“RAQUAN”!!! “DAVASHAYE”!!! “COME DOWN SATIRS”. When I got down there my Dad said “there’s something we have to tell you about your mom’s health. She is going to have brain surgery in two weeks because she has moyamoya.” My face was torn up, I started to tear up but I was a little confused as to what moyamoya was. “Moyamoya is a rare disease, progressive cerebrovascular disorder caused by blocked arteries at the base of the brain in an area called the basal ganglia.
The name “moyamoya” means “puff of smoke” in Japanese and describes the look of the tangle of tiny vessels formed to compensate for the blockage”. They didn’t put it in those exact words but they explained to me what it was doing to her body. It makes you have strokes and seizures, speech deficits, weaken your muscles or paralysis affecting only one side, (which is my mother’s right side) and it doesn’t stop after just one time. The blood clots that formed in her brain just kept reoccurring. There was no way around it; she had to get the surgery.
I remember when I was about four years old and I saw my mother have a seizure. As she was coming down the steps of my grandparents’ house, she instantly fell down the steps, when she got to the bottom she was shaking; my grandparents jumped up. My mom mom was a nurse so she knew what to do while my pop pop went and called for an ambulance. I was shook, all I could do was cry as I seen my mom being taking away on a stretcher. She called my name and I went over to her, she said “I’ll be fine baby don’t cry” then they took her away.
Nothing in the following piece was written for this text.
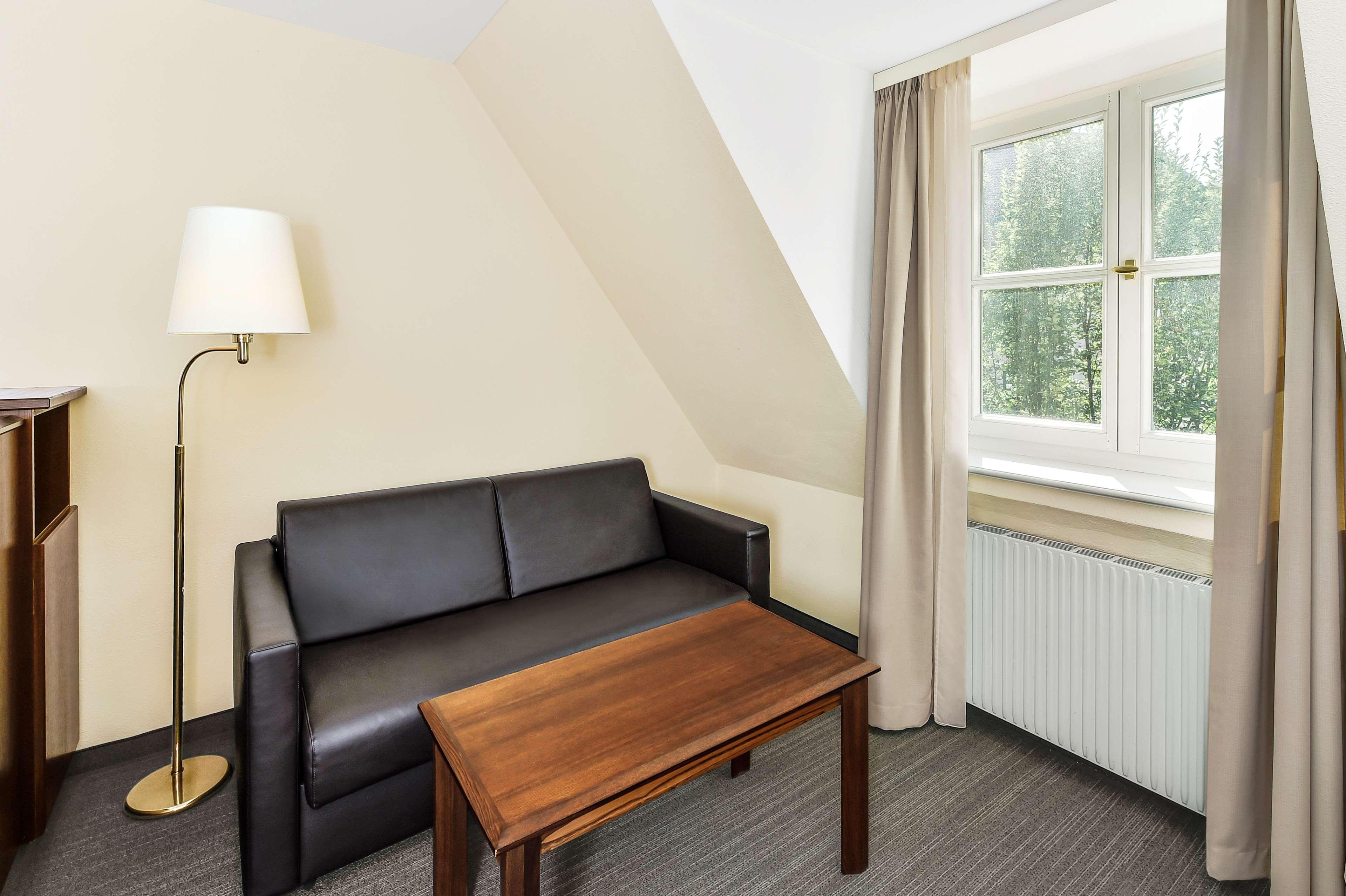 NH Klösterle Nördlingen Exteriör bild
I don’t know when the first one was but that definitely wasn’t the last. My mom hated hospitals and because of this inherited genetic rare disease she was going to be there a lot more. At the time we were living in Chester Pennsylvania. My mom had to go to Chester Crozer medical center. There they told her there was something else wrong with her (at this time we did not know she had moyamoya). The doctors couldn’t give her the help she needed: but she didn’t know that. They ended up giving her tons of medicine to take to help her with her strokes and blood clots.
When we moved to Delaware the doctors here begin to look at her situation differently. They ran all types of test on her and they decided to send her to John Hopkins in Maryland. There we found out that she had this rare disease and they basically gave her an ultimatum.  She could either get the surgery or have a good chance at life or she can keep struggling and sooner or later die from this disease. They also said it was a possibility she might not come out of a coma from her surgery but my mom didn’t think positive, she knew that if she got this surgery she was going to be fine.
The day of her surgery was one of the worse days in my life. I was scared for my mother and for my family. Everyone was crying and giving her hugs. She had to get one side of her hair shaved off, so I was taking out her hair. The last thing I said to my mom was that I loved her and she meant the world to me. When the doctors came and told us the surgery was a success and that she was fine, my heart dropped to my feet, it was the happiest moment in my life. Now my mom is living a normal and healthy life. She still has the effects of the disease but she’s fine and that’s all that matters.